A co-investment is a negotiated right (not an obligation) that allows a Limited Partner (LP) to invest directly into a specific portfolio company, alongside the General Partner’s (GP) main fund. This creates dual exposure:
- One investment through the diversified fund, and
- A second, concentrated position in a single deal.
This Why Co-Investments Matter
- Lower Fees – The biggest attraction. Co-investments often come with a “no fee, no carry” structure, or at least significantly reduced fees. By avoiding the traditional 2% management fee and 20% carry, LPs can meaningfully boost net returns.

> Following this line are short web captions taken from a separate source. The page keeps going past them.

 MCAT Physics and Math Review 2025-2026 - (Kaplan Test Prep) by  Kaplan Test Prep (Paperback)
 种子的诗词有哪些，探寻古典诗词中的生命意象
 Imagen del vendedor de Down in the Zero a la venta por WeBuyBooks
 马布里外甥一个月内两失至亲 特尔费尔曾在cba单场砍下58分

- Accelerated Expertise – For investors like family offices or sovereign funds looking to build direct deal capabilities, co-investments serve as a powerful apprenticeship model. They provide a front-row seat to a GP’s due diligence, valuation, and structuring processes.
- Access to Exclusive Deal Flow – Even the largest institutions, including CPP Investments and Ontario Teachers’ Pension Plan, utilize co-investments to gain entry into highly competitive transactions sourced through a GP’s network.
Key Due Diligence Questions for LPs
Before committing to a co-investment, savvy LPs should ask:
- Do I have influence over the timing of the exit?
- What governance rights will I receive (board seats, veto rights)?
- How much company information will be shared on an ongoing basis?
- What is the full, transparent fee picture across the fund and any third parties?
Co-investments can be a powerful tool for boosting returns, accessing premier deal flow, and accelerating investment expertise. But they require sophisticated evaluation and a clear understanding of the risks involved.